___ Data records ___
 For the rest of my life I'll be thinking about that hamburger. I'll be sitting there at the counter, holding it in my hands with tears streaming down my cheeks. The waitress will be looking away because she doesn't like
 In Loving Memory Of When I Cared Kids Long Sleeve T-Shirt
___
___ Data records ___
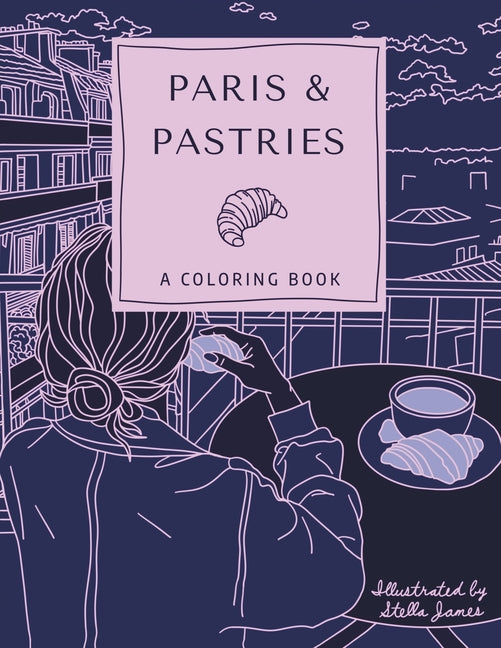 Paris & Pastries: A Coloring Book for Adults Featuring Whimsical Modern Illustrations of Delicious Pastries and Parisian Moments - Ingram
___
#### Problem:
All that should be written out is the stretch of lines above between the one holding "For the rest" and the one holding "In Loving Memory", inclusive, exactly as given.

#### Answer box:
 For the rest of my life I'll be thinking about that hamburger. I'll be sitting there at the counter, holding it in my hands with tears streaming down my cheeks. The waitress will be looking away because she doesn't like
 In Loving Memory Of When I Cared Kids Long Sleeve T-Shirt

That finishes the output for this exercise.